Carosello commerciale
Poi però quando ho cominciato a vedere troppi marchi commerciali presenti mi sono rotto e mi sono piazzato al semaforo d’angolo sotto il sole cocente, all’angolo tra via Vitruvio e Settembrini con un solo scopo: veder passare tutto il corteo tutto e capire cos’era diventato il Pride. In questo mi sentivo molto vecchio milanese, e in fondo tutto questo carosello sono uno di quelli che l’ha iniziato con la radio, i collettivi etc etc. Siccome sono sono un tipo sfuggente e mi stanno sulle scatole le convenzioni di ogni genere (compreso la provocazione a tutti i costi) della militanza gay non ho mai voluto o potuto approfittarne e farci i soldi quindi resto davvero un vecchio milanese e non una celebrity.

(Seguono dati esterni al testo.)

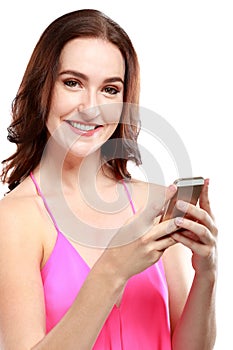 Attractive woman smiling while holding a mobilephone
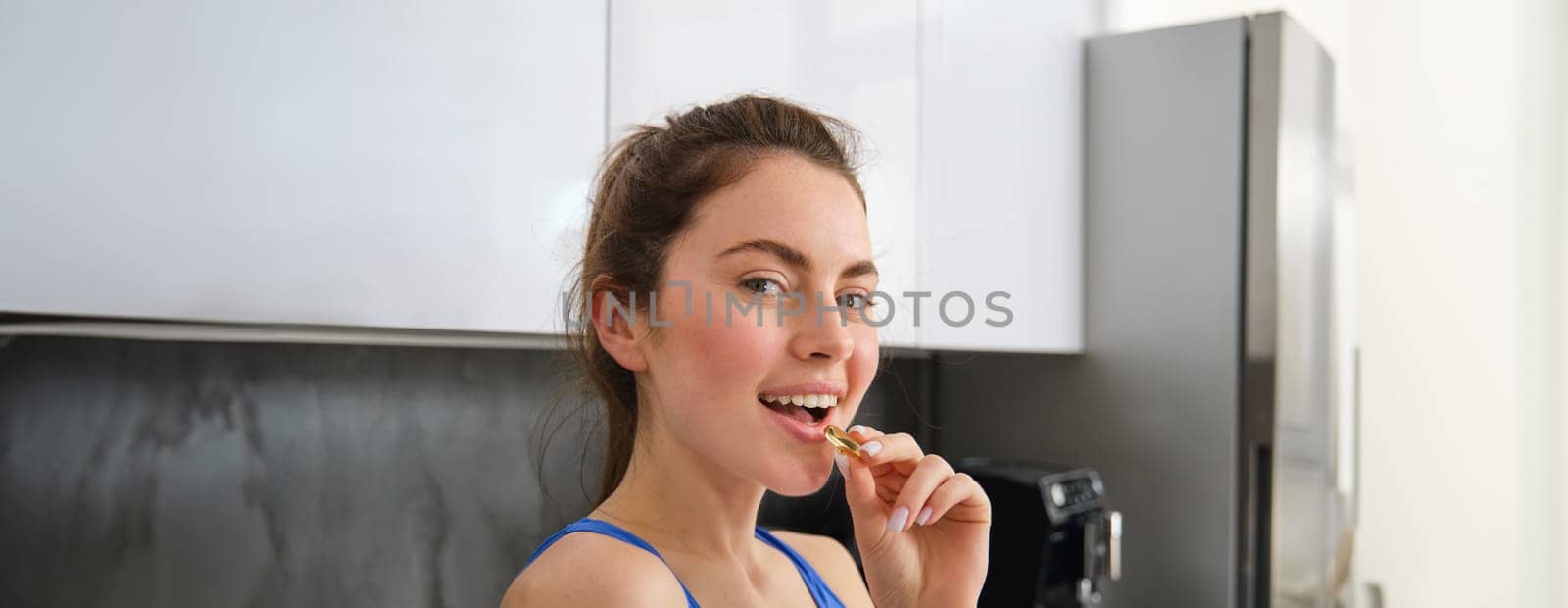 Close up portrait of smiling sportswoman, fitness girl taking vitamins, fish oil pill, using dietary supplements for strong health and fit body, standing in kitchen.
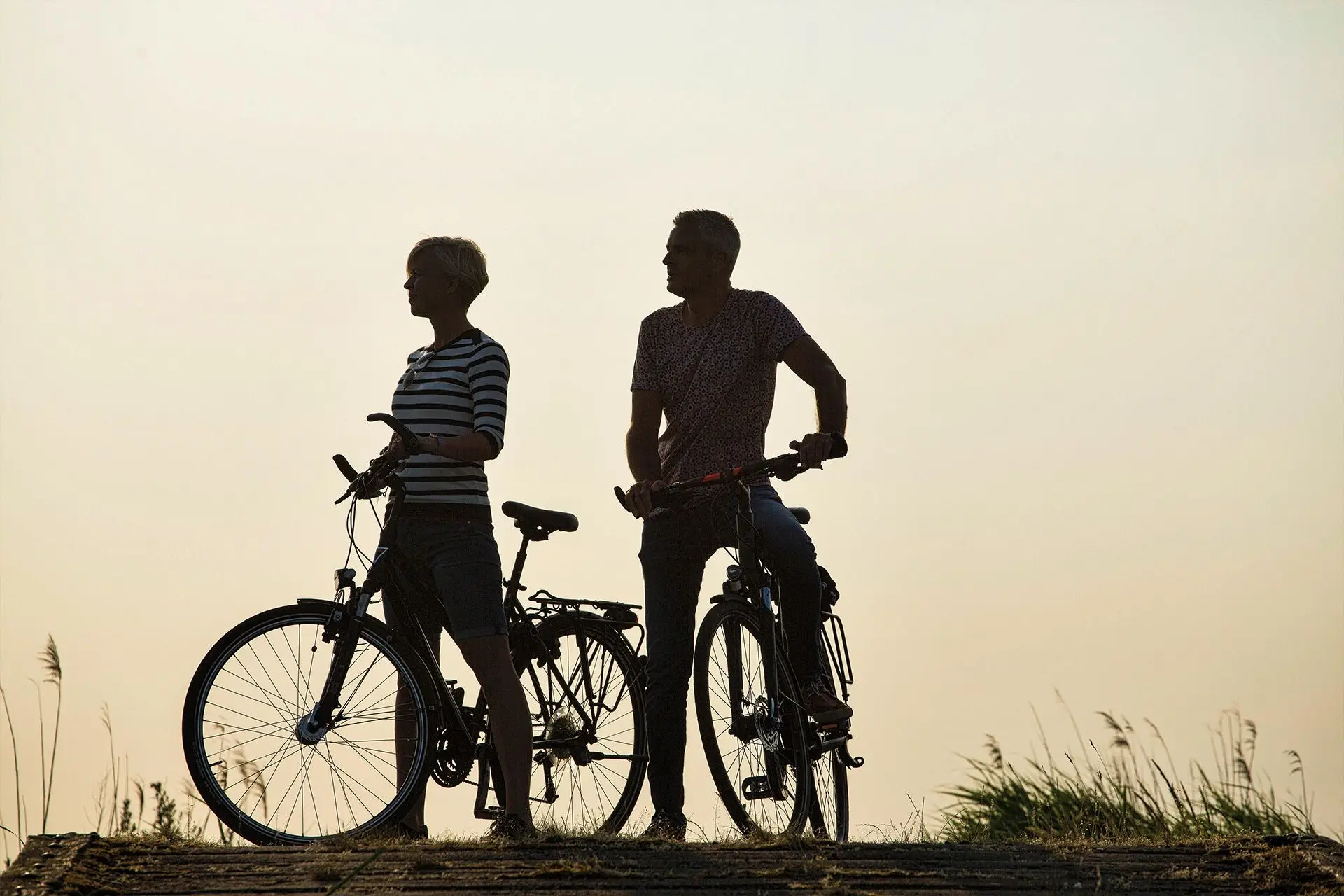 Mann und Frau auf einem Fahrrad an einer Brücke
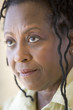 Head shot of woman scowling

Il Pride è stato bellissimo, a modo suo: un fiume di gente, una iniezione di energia multisessuale, multicomportamentale e multirazziale (c’era un numero non ridicolo di ragazzi neri o non europei in corteo, alcuni rifugiati, altri semplicemente boni). Non ho visto un Pride delle altre città ma Milano poteva ben essere soddisfatta di se stessa. Restano comunque alcuni nodi da sciogliere e li dipano qui così:
nodo #1.
la troppa presenza di marchi commerciali. C’era la Vodafone, la Microsoft, IBM, Zurich assicurazioni, Amazon, Vitasnella e una serie di new entry tutti coi dipendenti schierati per dire che sono con noi. a far che, vien da dire? alla fin fine spiace che il movimento per i diritti di gay, lesbiche, trans ed altri sembra diventato una variante di sviluppo (o meglio un pascolo facile) del capitalismo avanzato. non dico di rimpiangere le tette fuori ma diventare un happy hour della Confindustria no. Addirittura c’era Deliveroo con ragazzi che facevano pubblicità vestiti da pizza o da sushi (con questo caldo infernale!) circondati da giovani sindacalisti col megafono che accusavano Deliveroo di sfruttare i dipendenti (ma va’… davvero?).
nodo #2
Il Pride è bello ma è passato da Gay Pride a Human Pride, una festa tanto per bere qualcosa e far casino. Questo effetto Love Parade aiuterà la società ad accettare la varietà in amore e spingerà magari molti indecisi a vincere le proprie inibizioni e farsela con uno o una del suo stesso sesso.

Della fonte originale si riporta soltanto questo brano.